The role of anaemia in the pathophysiology of microalbuminuria in SCA children has been associated with haemolysis [24, 25]. Markers of haemolysis in children with SCA such as bilirubin, lactate dehydrogenase and low haemoglobin concentration are high in those with microalbuminuria [30]. Haemolysis is an integral pathologic process in sickle cell anaemia and also an important cause of anaemia. It has been shown that early blood transfusion would suppress sickling of red cells and thus a reduction in the incidence of haemolysis and anaemia which may prevent or reduce prevalence of microalbuminuria [9].

The mean estimated glomerular filtration rate in children with SCA in our study was significantly higher than in the control population.
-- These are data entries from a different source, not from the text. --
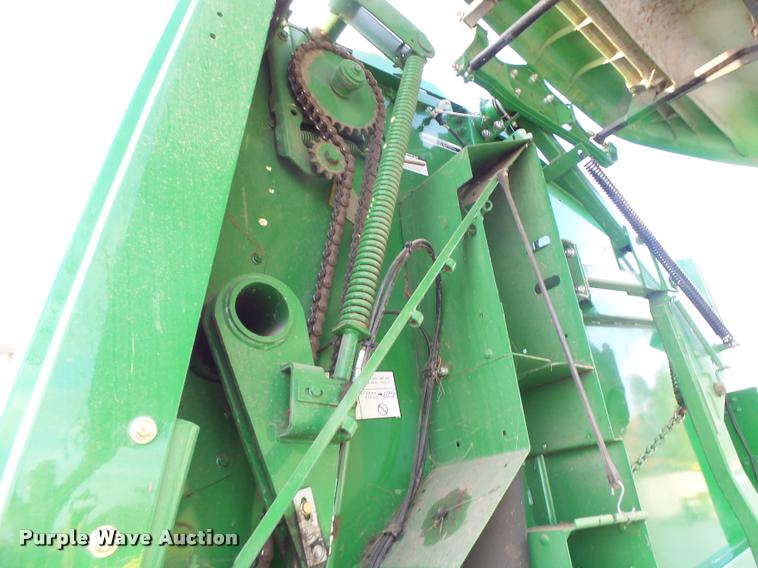 image for item K5524 2013 John Deere 569 Premium round baler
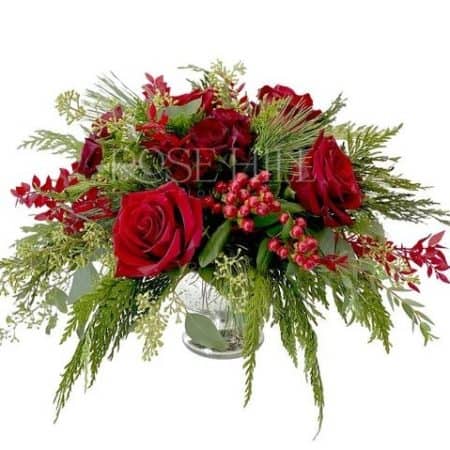Lovely holiday centerpiece with red roses and winter greens. Add a holiday candle for that extra special holiday touch!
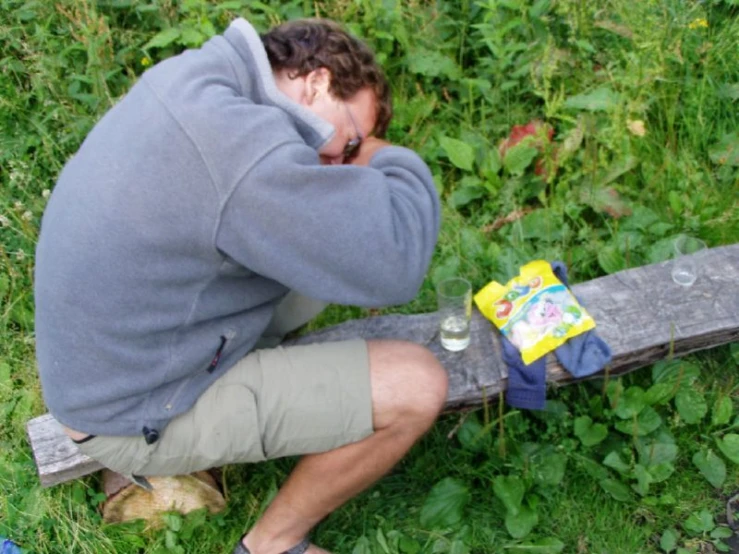 a man leaning on a post in the grass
This finding is similar to what have been previously reported in many studies [31, 32]. Similarly, a greater proportion of children with SCA and high eGFR, based on the NKF/KDOQI [17] classification, had microalbuminuria. The risk of microalbuminuria was more than one and half times higher in children with high GFR compared with those who had low or normal value as shown in our study. This may be due to glomerular changes previously described in this population [33, 34].
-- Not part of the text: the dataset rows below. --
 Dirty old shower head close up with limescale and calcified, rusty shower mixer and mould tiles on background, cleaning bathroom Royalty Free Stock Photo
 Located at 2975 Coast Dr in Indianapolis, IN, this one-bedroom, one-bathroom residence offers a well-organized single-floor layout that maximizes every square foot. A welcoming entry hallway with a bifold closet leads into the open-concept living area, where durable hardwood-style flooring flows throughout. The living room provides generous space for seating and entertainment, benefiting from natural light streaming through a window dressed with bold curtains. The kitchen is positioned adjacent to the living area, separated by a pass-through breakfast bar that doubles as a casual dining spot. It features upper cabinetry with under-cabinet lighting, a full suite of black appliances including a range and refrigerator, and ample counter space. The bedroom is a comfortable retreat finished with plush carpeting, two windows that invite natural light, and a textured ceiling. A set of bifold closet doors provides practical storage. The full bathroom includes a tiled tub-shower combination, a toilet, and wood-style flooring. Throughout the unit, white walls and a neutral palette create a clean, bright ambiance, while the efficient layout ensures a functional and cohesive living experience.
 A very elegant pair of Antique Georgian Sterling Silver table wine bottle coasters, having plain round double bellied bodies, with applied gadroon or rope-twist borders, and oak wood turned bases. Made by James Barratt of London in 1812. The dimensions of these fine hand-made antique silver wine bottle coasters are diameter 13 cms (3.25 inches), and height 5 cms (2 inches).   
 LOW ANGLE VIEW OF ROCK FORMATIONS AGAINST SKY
There are a few limitations to this study: assessment of albumin level was done on only one early morning urine specimen collected from each of the participating subjects. A second urine albumin assessment would have shown how many of these children had persistence of albuminuria which would have eliminated one possible survival bias that is a limitation for cross-sectional studies. Secondly, estimated glomerular filtration rate (eGFR) using Schwartz formula was used. This method has been identified to over-estimate glomerular filtration rate in sickle cell anaemia due to increased tubular excretion of creatinine and often decreased muscle mass. A measured GFR would have been the ideal method. Direct measurement of GFR is quite expensive and was beyond the scope of this study. The limitations notwithstanding, this study has brought out important information about microalbuminuria and GFR in children with SCA.

Conclusions

The prevalence of microalbuminuria in our study population was high and is similar to other studies.

Age categories was a more important determinant of microalbuminuria than just age as a variable.
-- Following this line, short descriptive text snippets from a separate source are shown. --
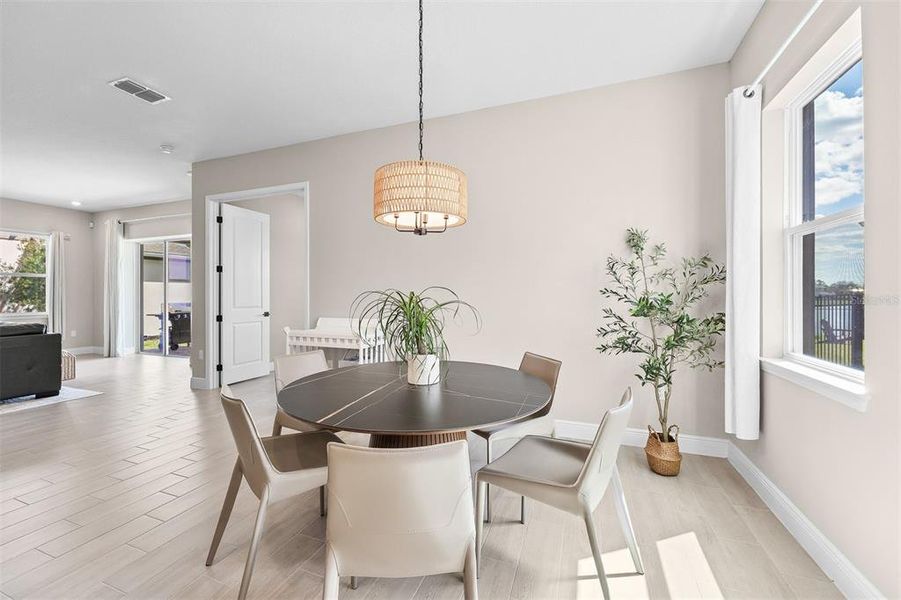 Furnished interior view inside a new home in Laureate Park, Orlando (Image 9).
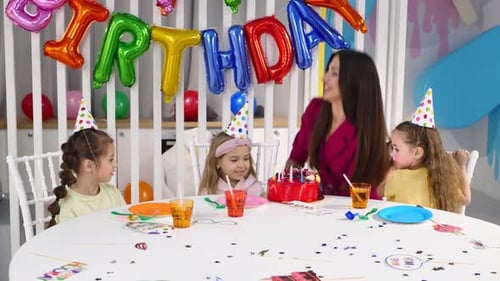Children Celebrate Birthday with Cake and Balloons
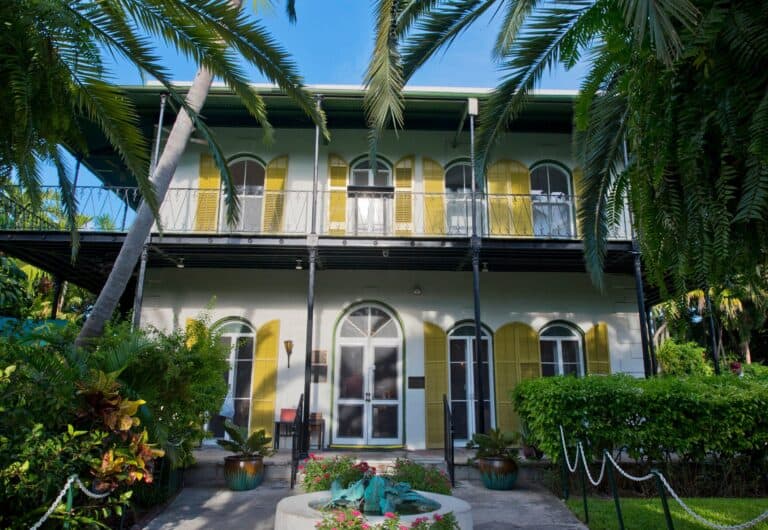 Colorful Key West vacation home with tropical greenery and yellow shutters, perfect for relaxing stays.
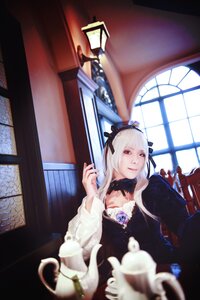 Rating: Safe Score: 0 Tags: 1girl black_dress blurry depth_of_field dress flower gothic_lolita indoors lolita_fashion long_hair long_sleeves looking_at_viewer red_eyes rose solo suigintou teacup white_hair window User: admin
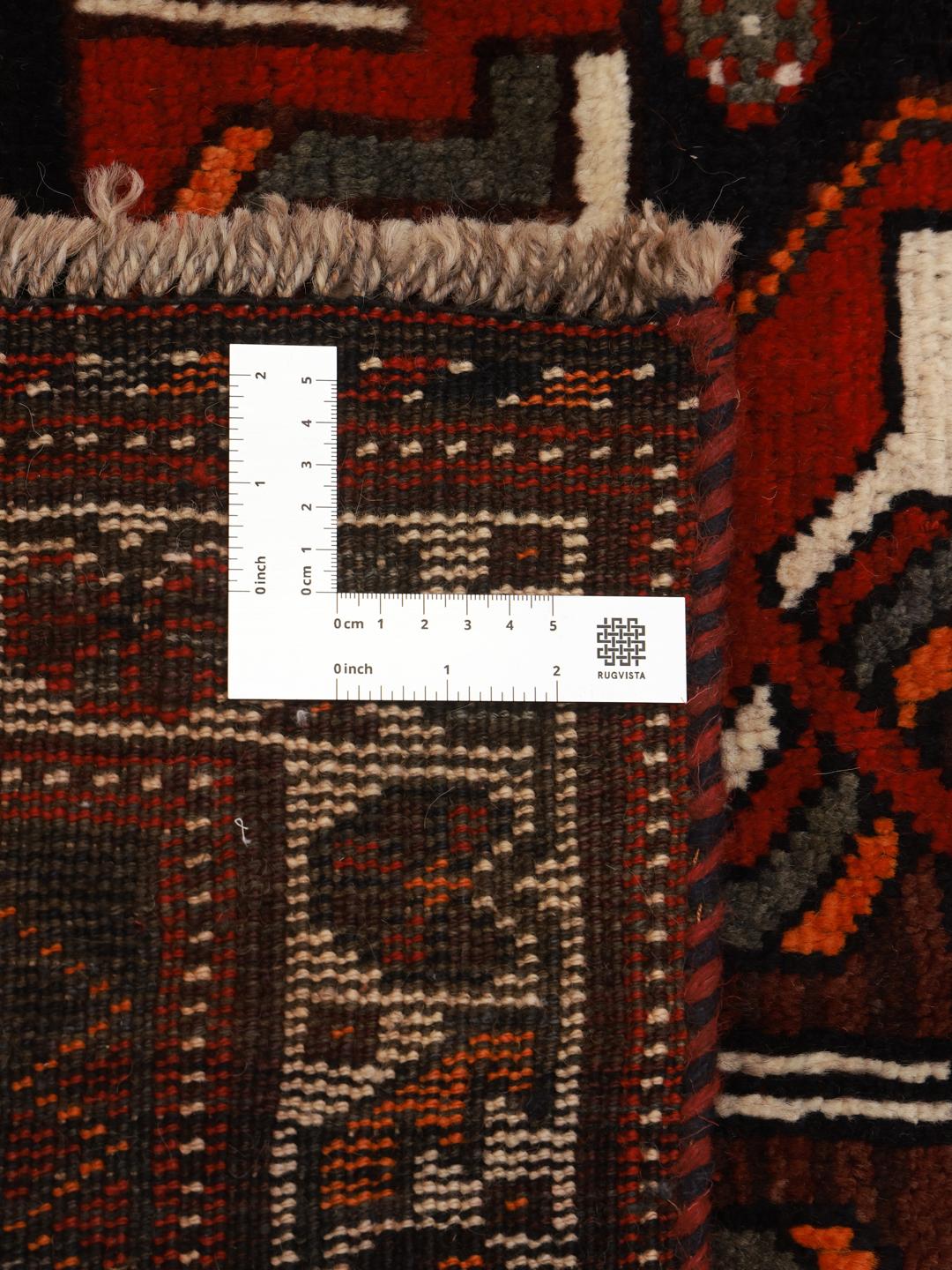 A hand-knotted Shiraz rug from the Middle East in deep red and black tones with geometric patterns.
Glomerular filtration rate was higher in SCA children with microalbuminuria. This finding may be related to the existence of glomerular hypertrophy at this early stage of kidney damage in these children.

The two most important risk factors for microalbuminuria were anaemia and high glomerular filtration rate. Both have significant relationship with microalbuminuria on both bivariate and multivariate analysis.